Es habitual que la priorización de la disputa institucional esté motivada por el oportunismo político y la obtención de beneficios económicos que brinda el acceso a la gestión del aparato estatal. Con todo, en el caso de muchas organizaciones que se reivindican de izquierda, esta opción “táctica” suele ser motivada por una evaluación equivocada del momento histórico y de las posibilidades reales de la actuación dentro del Estado. En medio de un proceso de decadencia social, económica y política generalizada a nivel global, conflictos bélicos con la participación de los principales bloques imperialistas, y una crisis de sobreacumulación sin resolución a la vista, llama la atención que los sectores que deberían encabezar la lucha contra el capitalismo no tengan nada más qué ofrecer a los trabajadores que ir a votar por la llamada “verdadera izquierda”. Aunque se llenen la boca con consignas grandilocuentes como “poder popular” o “socialismo”, en los hechos incurren en la afirmación del capital y sus formas políticas.
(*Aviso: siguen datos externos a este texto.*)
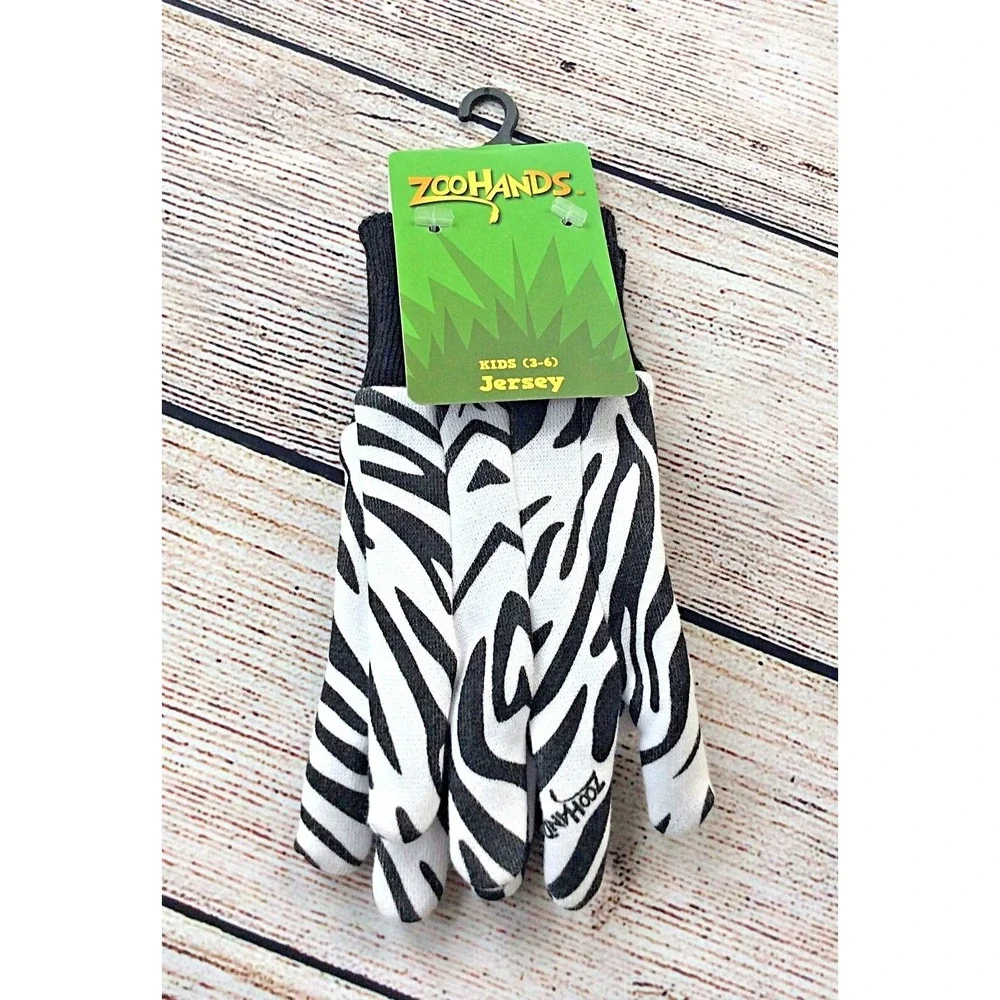 NWT Zoohands Gardening Gloves Youth 3-6 Jersey Knit Zebra Print Costume Kid's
En el contexto brasileño esta posición es todavía más deplorable. ¿Qué democracia van a defender los millones de proletarios que sufren desde siempre un Estado de excepción permanente en las favelas?
No deberá sorprender, entonces, que las masas desborden a los partidos y sindicatos como ocurrió en las manifestaciones del año 2013, cuando durante la gestión petista encabezada por Dilma Rousseff, millones de trabajadores irrumpieron en medio de las disputas interburguesas, colocando en evidencia que la única contradicción fundamental y real es la contradicción capital-trabajo. En aquel contexto, mientras el grueso de la izquierda reculaba en favor de la gestión petista, el ánimo radical de los trabajadores fue capitalizado por la demagogia derechista. Es decir, el engendro bolsonarista no es nada más que el resultado de la defensa ingenua de las instituciones burguesas practicadas por estos sectores electoreros atrapados en las redes democráticas. Es la dialéctica del capital en la política que solo cambia sus representantes. Sorprende que, aun después de estas experiencias, los agrupamientos que se identifican con los intereses del proletariado no puedan ir más allá de la crítica al PT. Esta, aunque fundamental, es insuficiente.
El parlamentarismo en las condiciones actuales no tiene otro papel que reducir el trabajo militante a un apéndice de la dinámica electoral. Dinámica democrática que es indisociable del interés capitalista y las exigencias de la valorización del valor. Subordina las energías de militantes honestos al curso infructuoso del juego institucional, en el que la burguesía siempre tiene la sartén por el mango. Obstruye el reconocimiento de la dominación de clase porque se presenta como una opción para mejorar algo sin ir a la raíz de los problemas. Cambio de la apariencia, mas no de la esencia.
La pregunta cae por su propio peso ¿qué hacer? Ser revolucionario significa comprenderse como momento del movimiento real de la clase, colaborando con sus autoesclarecimiento y sus procesos de lucha, es decir, concurrir en la acción colectiva del proletariado en la defensa de sus intereses de clase de manera irrestricta. En las condiciones actuales esto implica ir más allá de las trampas democrático burguesas agitando una posición abstencionista en el proceso electoral, pues ni la izquierda reformista, ni los críticos, ni mucho menos la extrema derecha, suponen una acción en sentido de negar radicalmente la dominación capitalista. Son, por tanto, una traba al desarrollo de la conciencia del proletariado y su papel revolucionario en la actual crisis capitalista. Nuestra consigna es, por tanto, la autoemancipación del proletariado a través de un proceso revolucionario más allá de las trampas democráticas de la burguesía.